Two-Way Street

Two Way Street

by Dr. Howard Johnson. First printed in EDN magazine, January 4, 2007

Suppose that I offered you a new highway-traffic monitor that reports total traffic density on a section of roadway. It counts eastbound traffic as positive flow, westbound traffic as negative, and sums the two figures. It does not provide separate figures for the two directions. If the two flows are the same in magnitude, the sensor reports zero. Would you buy it?

Obviously, this sensor reveals only part of the total traffic picture. Transmission lines, like streets, support traffic in two directions. A voltage probe connected to a transmission line acts much like a traffic-density sensor. It shows an aggregate-voltage waveform but doesn't say which way the waveform is moving. If two waveforms cross, sometimes the voltage probe reports zero.

For example, Figure 1 shows the composite voltage (pink) at capacitor C₃ (Eye of the Probe, EDN 12/1/2006). The waveform shows a 200-psec step followed by a negative bump at B. To decipher the cause of that bump, include in your schematic a virtual (nonphysical) 0-Ω resistor, R₀. Set all the parasitics associated with that component to their minimum values.

Export from your simulator both the voltage, v₀, at R₀ and the current, i₀, flowing through R₀. Then, use the equations in Figure 1 to compute both forward- and reverse-moving waveforms, v_F and v_R, respectively. The composite waveform at C₃ is the sum of these two waveforms. The forward waveform (blue) appears ideal. The negative bump appears only in the reverse waveform (purple). Therefore, the bump must be a reflection coming from something to the right of C₃.
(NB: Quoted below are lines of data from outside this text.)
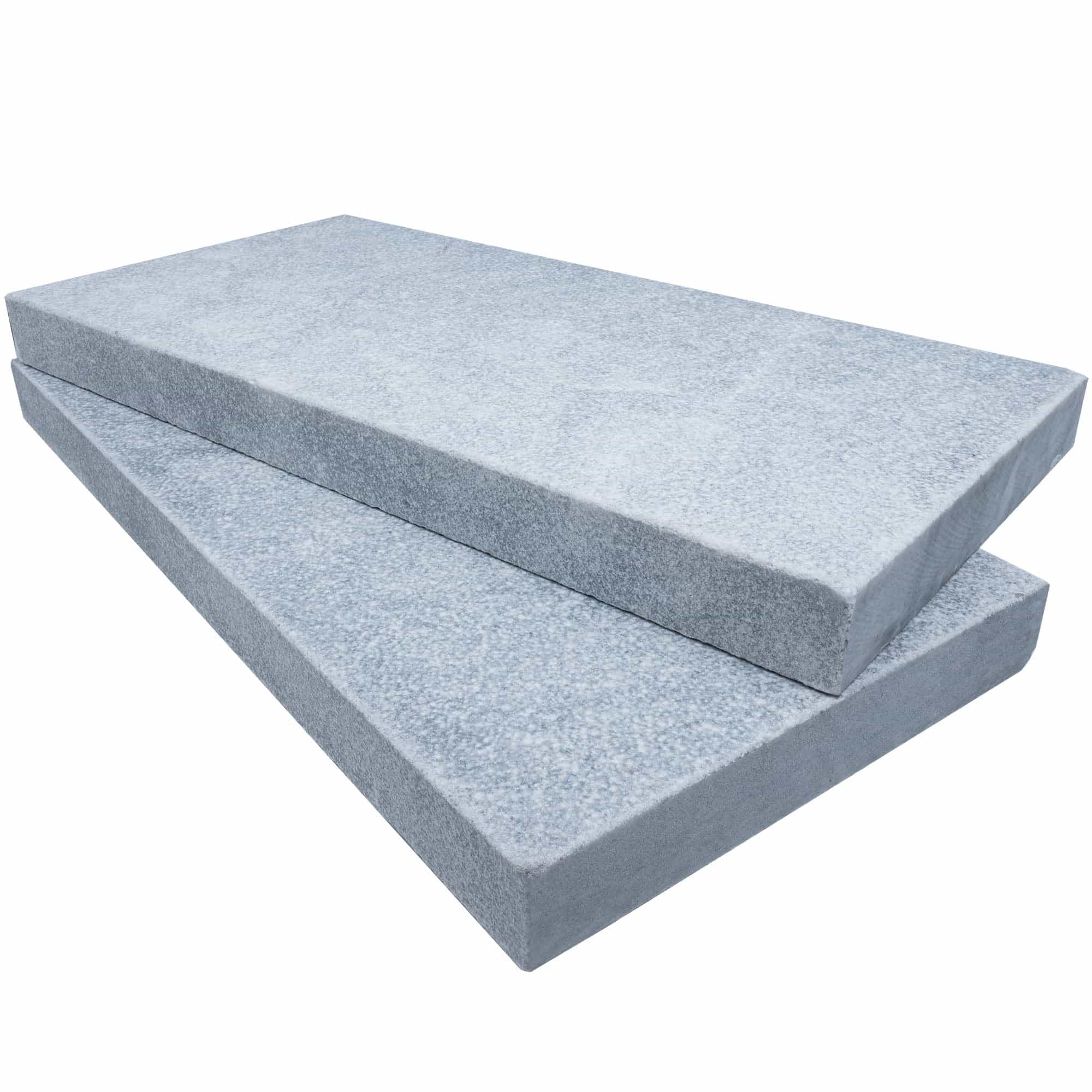 Close-up of Arctic Grey Marble Sand Blasted 14x24x2 Eased Edge Coping. The marble features a textured, sandblasted finish with subtle grey tones and fine veining, ideal for pool coping or patio edges, showcasing its natural stone elegance.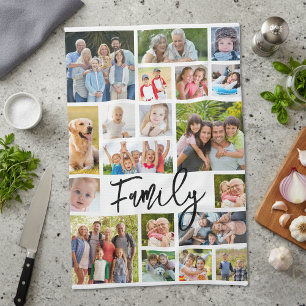 Familienfoto-Collage Moderne Schrift Geschirrtuch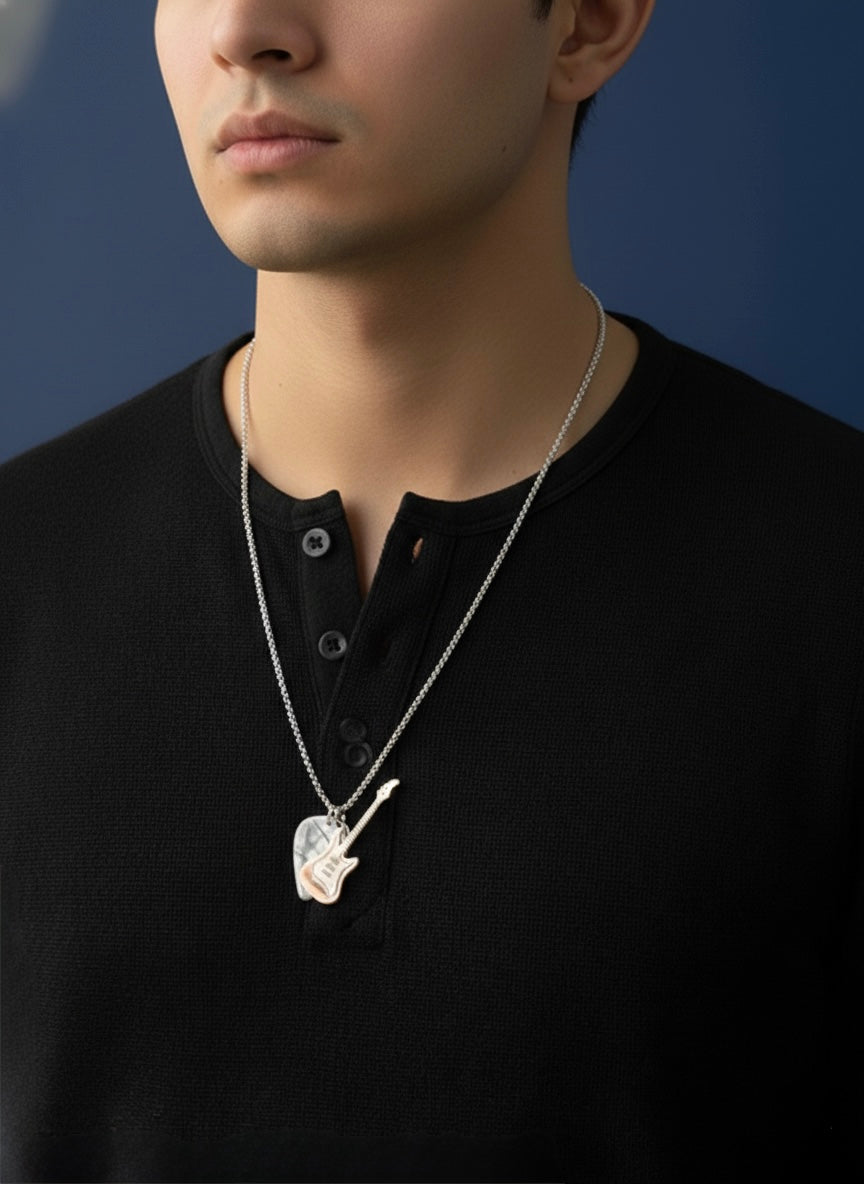 Men Silver Toned Boxed Chain with Guitar & Marbled Pendant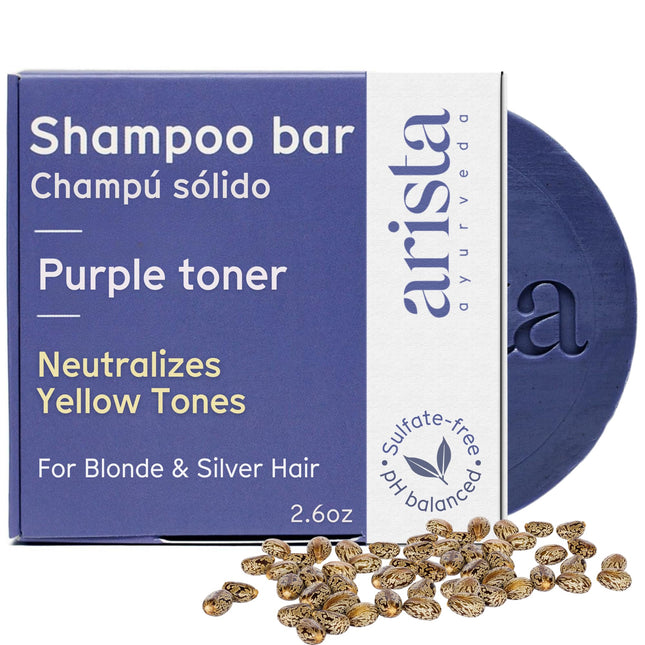 Arista Purple Shampoo Bar, Amla Fruit Powder, Purple Toner & Castor Oil, Moisturizing & Plastic Free Hair Soap, Sulfate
Next, consider the shape and timing of the reflected bump. The bump duration is comparable with the signal rise time, so you may conjecture that it comes from one localized spot. The center of the bump occurs 400 psec after the midpoint of the initial rising edge. That 400-psec number is a round-trip reflection delay, so the imperfection you seek must be 200 psec downstream from R₀. The only significant imperfection near that location is the receiver-load capacitance, C₄. If you remove C₄ from the circuit, the bump disappears, confirming C₄ as the source of the bump. A thorough examination of v_R reveals a second negative bump, smaller than the first, coincident with the main signal edge. That reflection comes from the C₃.

If this technique seems new or unusual to you, think back to when you were a little kid. Didn't your mother tell you to look both ways for traffic?